Automation is another thing that we are opting for. One can see our drastically upgraded factories in last 5, 6 years on technology front as tech-integration is happening in cutting rooms, shopfloors, finishing as well as washing units. This is helping us to reduce our cost and keep productivity high. Time of operations has come down significantly; hence lead time has reduced which is helping us to increase our speed to market.
In addition to this, our Government has made around 100 economic zones and hence our capacities are increasing to accommodate more orders. BGMEA is also stepping in to showcase our products in different countries and make ‘Made in Bangladesh’ a value brand. We have recently come back from a very successful Techtextil fair in Germany where BGMEA and some owners from reputed garment export houses saw positive response for our products. We are making value-added products as much as we can to reach our target.
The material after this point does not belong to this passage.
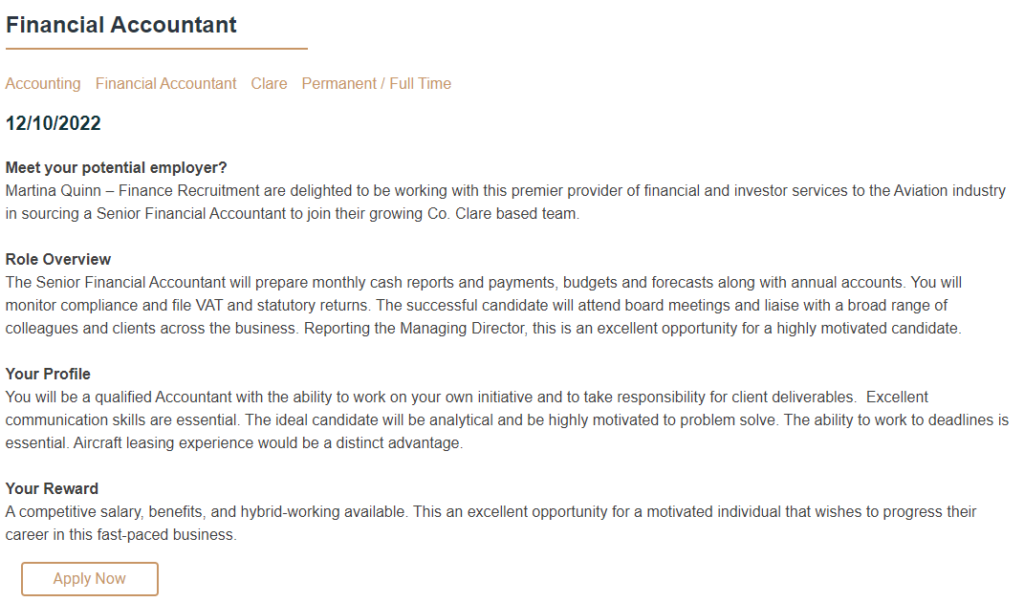 An example of an excellent accounting job advert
AR: Skilled labour will be another issue. Bangladesh would need another 6 million skilled workforce, including the mid-management, to achieve the target from the current number of 4.5 million. What are your plans to prepare such a massive workforce in a comparatively short span of time?
Kamal Uddin: To address the manpower issue, BGMEA University of Fashion & Technology (BUFT) has been working aggressively to find talents for our RMG industry. Since the early years of its inception, the university has provided a firm foundation in apparel, textile, knitting, fashion and business education in the domains of manufacturing technology, engineering, design and management. A lot of young people are opting for different courses to get into RMG industry and this will suffice the need of mid-level skilled professionals. BGMEA has been selecting thousands of workers from different clusters who are being trained further in our university. This helps us create better middle management in our workforce. Interestingly, most of these people are the family members of the workers already working in the country’s factories so, unlike other countries, we don’t face a lack of interest of the next-gen in our garment industry rather they are opting for higher education within apparel and textile regime. When it comes to workers, each and every factory has their own training centre in which BGMEA is helping to provide fresh workers training on the much required modules.
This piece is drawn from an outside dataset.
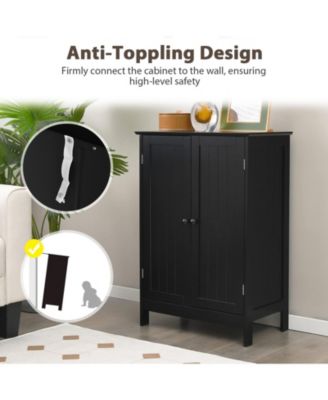 2-Door Free-Standing Bathroom Cabinet with Shelf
AR: Bangladesh’s RMG industry does have majorly home-grown entrepreneurs. Do you think inviting FDI will also be a big boost to achieve the target?
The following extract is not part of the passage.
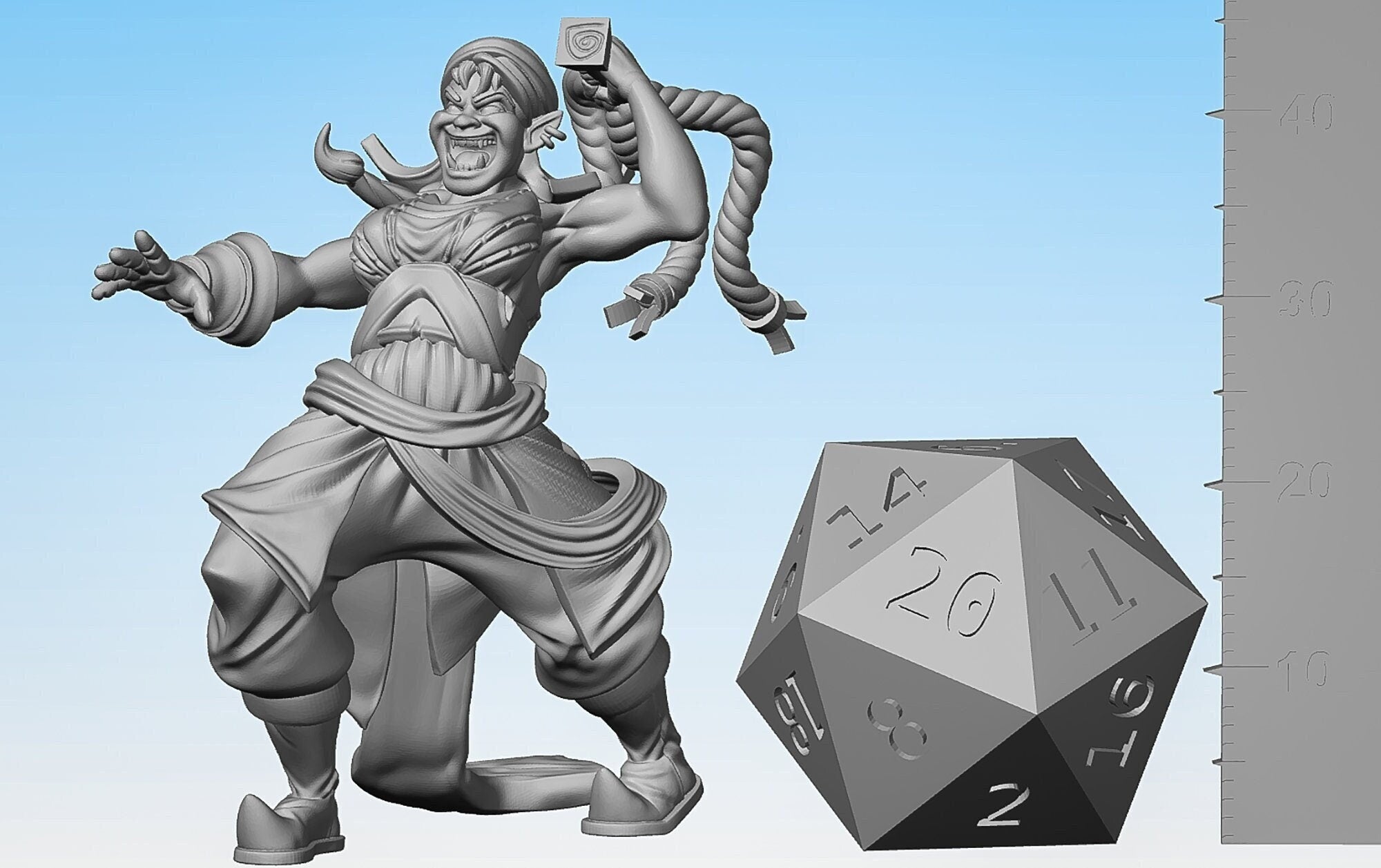THUG "Half-Orc Bedouin" | Dungeons and Dragons | DnD | Pathfinder | Tabletop | RPG | Hero Size | 28 mm-Role Playing Miniatures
Kamal Uddin: Bangladesh is certainly looking at an increased amount of FDI in RMG sector. As said earlier, we have skill sets in garmenting but we do not have the same expertise in textiles. We are able to fulfil just 30 per cent of raw material requirements from domestic supplies, rest 70 per cent comes from overseas markets. This gap can be filled if Chinese, Korean and Indian companies set up fabric and textile units in our country. This investment will help us to reduce our transit/lead time and this is important as, today, the buyers do not want to give 100-120 days to a factory for their order shipment. They are trying to mobilise their investment and want orders to be dispatched within 60 days. To fetch FDI, BGMEA is working upfront. Recently, our team went to Surat – a dominant hub for MMF and cotton fabrics – and we talked about investment opportunities with the fabric manufacturers there. We assured them that, in Bangladesh, over US $ 40 billion market is ready for them to capture and another US $ 50-60 billion opportunity is being created. Our PM has also announced building 100 EPZs; hence FDI is wholeheartedly welcome. I reiterate that, with India, we have no competition but rather we want to collaborate.